Four Factors Key To A Successful Rental Property Overseas

Stolen Tips—How To Maximize Profit On Your Overseas Rental

An apartment in Madrid, Spain

There’s no single secret to choosing a successful rental property overseas.

Instead, four factors need to come together to ensure that:

  1. Healthy, regular payments show up in your bank account.
  2. You don’t lose your mind.

Today, we’re going to take a look at these four secrets.

(By way of full disclosure, I’ve swiped these straight from the experts at last week’s Global Property Summit.)

Secret #1: Engage The Right Property Manager 

Unless you’re living near your investment property or have personal experience in property management (and don’t mind your time being taken up with administration and tenant issues), it’s highly advisable to employ the services of a professional property management company.

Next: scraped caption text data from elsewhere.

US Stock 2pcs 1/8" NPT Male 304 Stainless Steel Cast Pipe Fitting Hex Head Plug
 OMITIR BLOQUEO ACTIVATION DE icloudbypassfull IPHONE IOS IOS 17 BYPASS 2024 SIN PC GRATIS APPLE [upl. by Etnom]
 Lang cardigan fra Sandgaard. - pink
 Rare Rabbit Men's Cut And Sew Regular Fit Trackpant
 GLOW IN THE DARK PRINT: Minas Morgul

Services differ greatly depending on the company and the market in question. Sometimes you’ll have one company to take care of advertising your property and managing bookings, while another will be charged with maintenance. The Holy Grail is the one-stop shop that offers everything from changing light bulbs to offering airport transfers to your clients (we know one of these in Medellín, Colombia). Be sure you understand what services are offered as you weigh up the costs.

The cost of property management varies by market and also by rental type. But as a guideline, look for agency commissions that fall in or around these rates:

For furnished long-term rentals: 10% (or one month’s rent)

For short-term rentals: 20% to 25%

Be wary of agencies quoting below these prices—they usually provide a minimal service… or go out of business fast.

Secret #2: Know The Market

Before you buy your property, it can be helpful to speak with property managers in the area to help identify which neighborhoods receive the highest occupancy. You’re looking for a minimum of 70% to 80%.

If possible, spend time in the area. Walk around to see who is renting… and what they’re renting.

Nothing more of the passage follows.